Este nuevo consumidor se mueve bajo el concepto del escapismo realista. No es una huida de la realidad, sino una intención de embellecerla y hacerla más táctil. Lo vemos en el auge de la “Gummymoda”, donde las texturas gelatinosas y el diseño táctil ofrecen un refugio sensorial frente a la frialdad de las superficies lisas de nuestros dispositivos. O en la “Retroniñez”, donde el retail tiene la oportunidad de reconectar con el público a través de la nostalgia y el juego. En este contexto, el producto deja de ser una mercancía para convertirse en un objeto de comodidad emocional, un ancla que permite al usuario sentirse presente en un mundo que se mueve demasiado rápido.

La gran oportunidad para el retail este año reside en entender que la uniformidad ha muerto. Las tendencias que hemos mapeado para este ciclo no son mandatos, sino un menú de posibilidades. El cliente de hoy es un curador: mezcla el maximalismo de los años 80 (“Glamoratti”) con la sobriedad de la “Pura poesía” o el “Estilo afrobohemio”. Esta “identidad intencional” significa que las marcas deben dejar de vender looks completos y empezar a ofrecer piezas con alma que inviten a la experimentación. Quien intente vender una estética cerrada se quedará atrás; quien ofrezca los elementos para que el usuario construya su propio “Destino místico”, ganará su lealtad.

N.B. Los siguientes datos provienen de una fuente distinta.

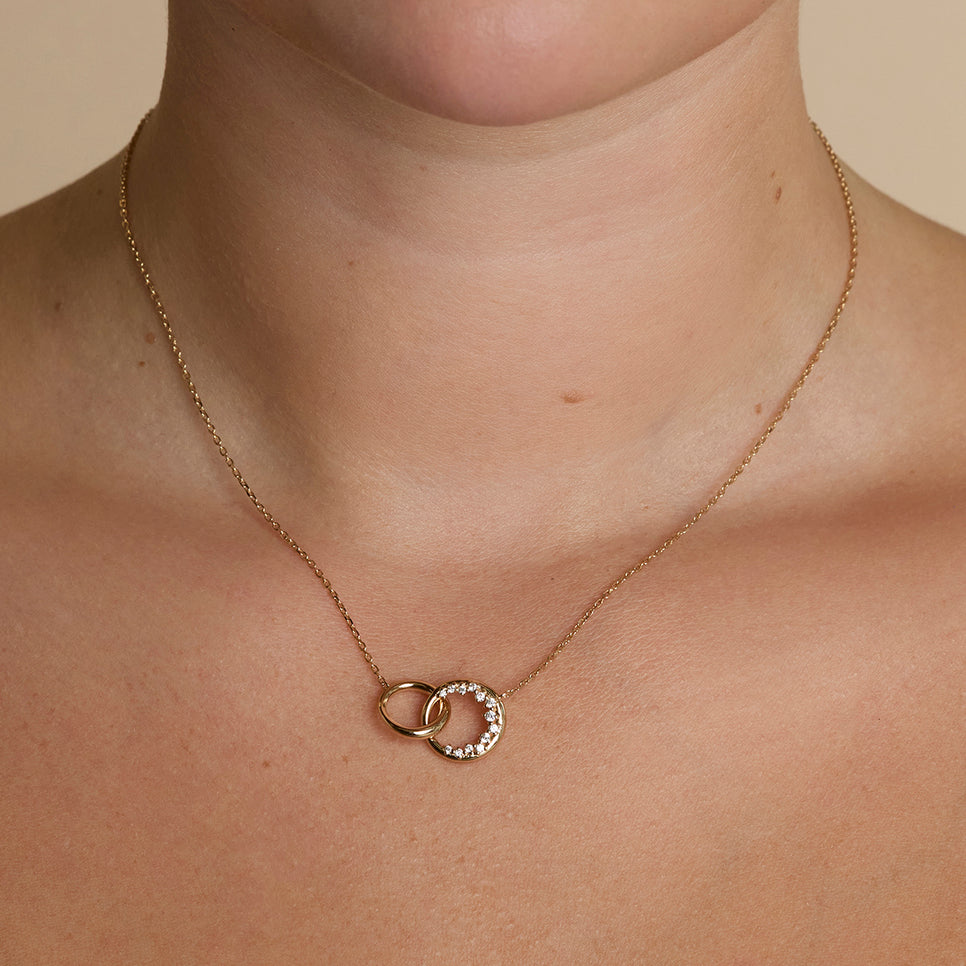 Orbit Crystal Pendant Necklace in Gold-Astrid &amp; Miyu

Desde una perspectiva de negocio, la eficiencia ya no es suficiente; la anticipación estratégica es la nueva moneda de cambio. Sabemos que las tendencias actuales crecen 4.4 veces más rápido que hace siete años, pero también son más profundas. En Pinterest, donde más de 600 millones de personas entran cada mes no para mirar el pasado, sino para planificar su futuro, observamos que la precisión de nuestras predicciones dicta el comportamiento de compra real antes de que llegue a la calle. Para un líder de retail, estos datos no son solo inspiración creativa, son una hoja de ruta de inventario. El riesgo hoy no es cambiar, sino llegar tarde a un futuro que ya está ocurriendo en la mente del consumidor.

El 2026 no castigará a quienes no sigan la moda, sino a quienes no logren ser auténticos. Estamos ante el fin de la era del consumo pasivo y el nacimiento de la era de la intención. Como líderes de la industria, nuestra misión ha dejado de ser “llenar armarios” para pasar a “validar identidades”. El retail que gane en 2026 no será el que grite más fuerte, sino el que sepa susurrarle al cliente que ha encontrado exactamente lo que necesitaba para sentirse él mismo. El futuro ya no se predice, se construye con el usuario.